PROBLEM REQUIREMENTS
Because the images are not wanted, restate every line below word for word without them.

SUPPLIED DATA
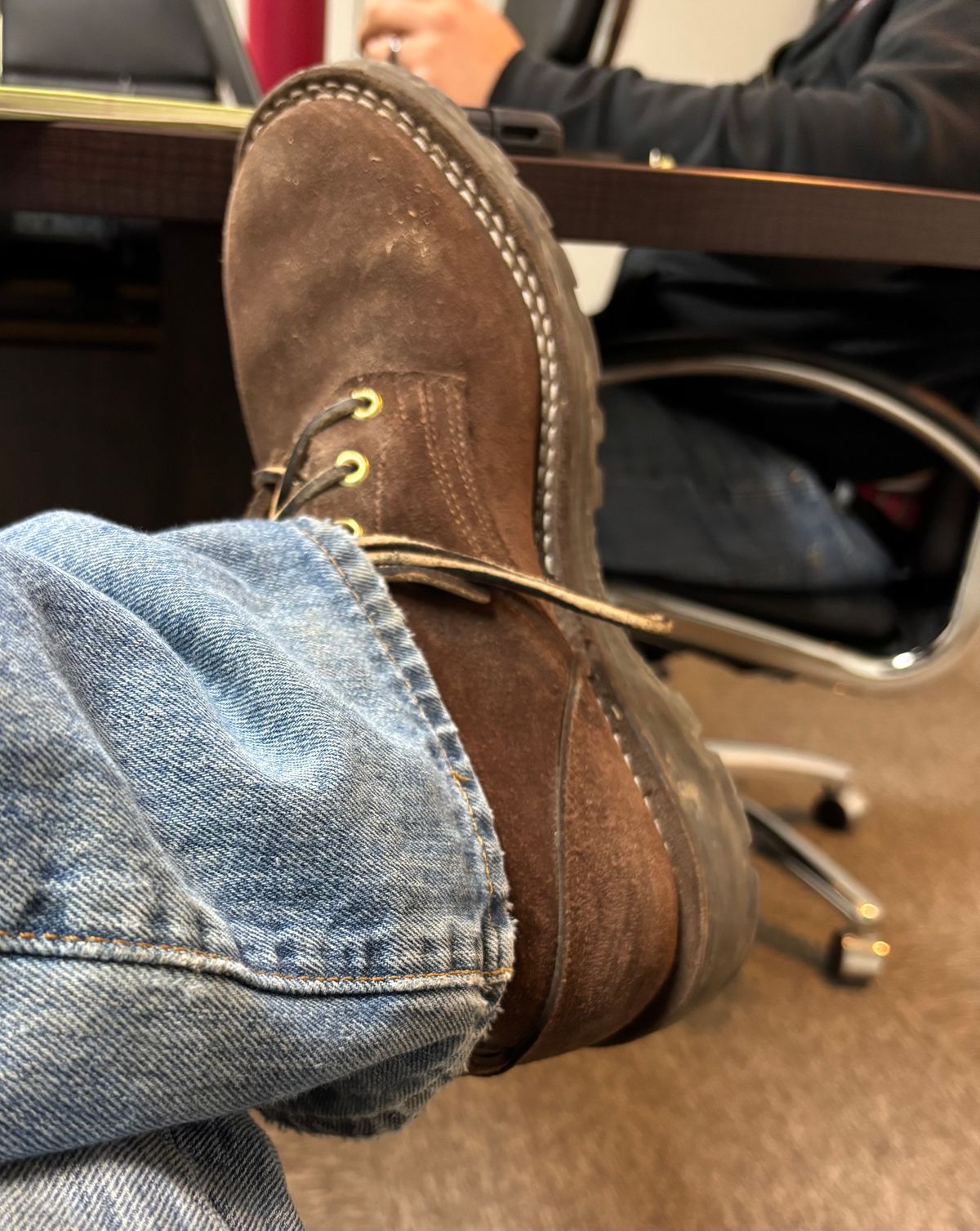 Photo by STILTS_XNGH on October 27, 2025 of the Nicks Ridgeline Hiking Boot in Nicks/1964 Mahogany.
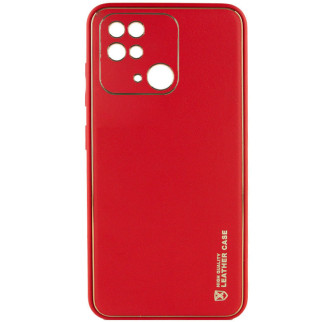 Шкіряний чохол Xshield для Xiaomi Redmi 10C Червоний / Red - Інтернет-магазин спільних покупок ToGether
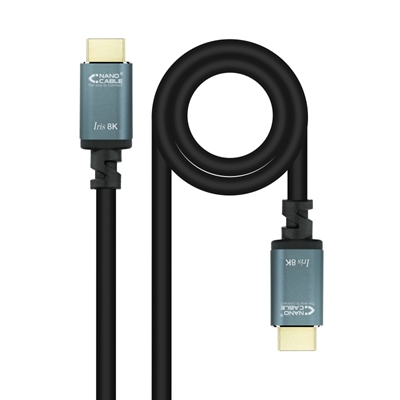 Cable hdmi 2.1 nanocable 8k 1.5m - macho - macho - negro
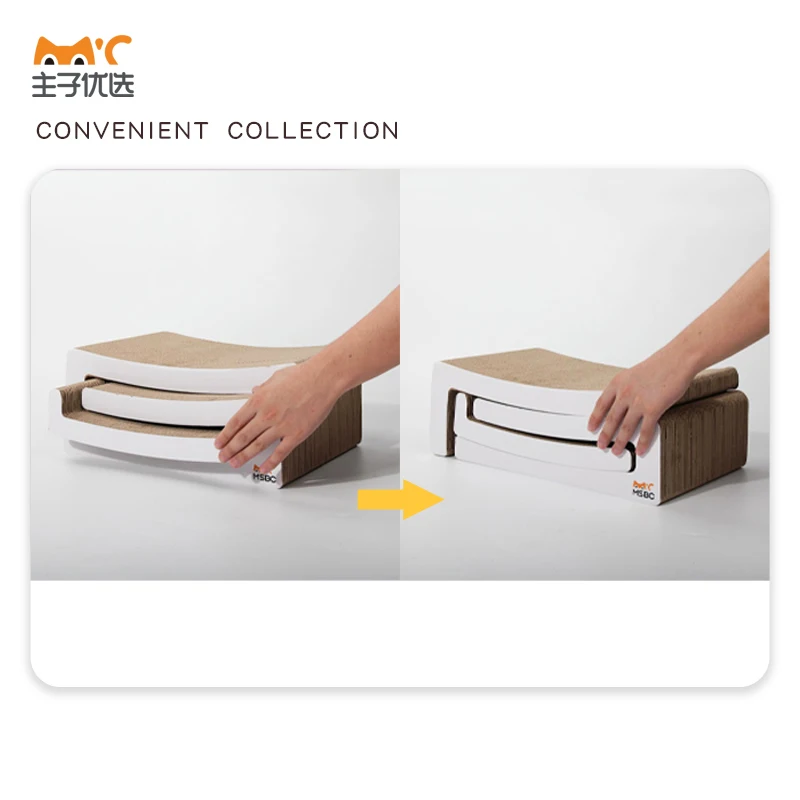 Attractive price cardboard pet cat house cat scratcher cat scratcher set up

WRITTEN RESPONSE
 Photo by STILTS_XNGH on October 27, 2025 of the Nicks Ridgeline Hiking Boot in Nicks/1964 Mahogany.
 Шкіряний чохол Xshield для Xiaomi Redmi 10C Червоний / Red - Інтернет-магазин спільних покупок ToGether
 Cable hdmi 2.1 nanocable 8k 1.5m - macho - macho - negro
 Attractive price cardboard pet cat house cat scratcher cat scratcher set up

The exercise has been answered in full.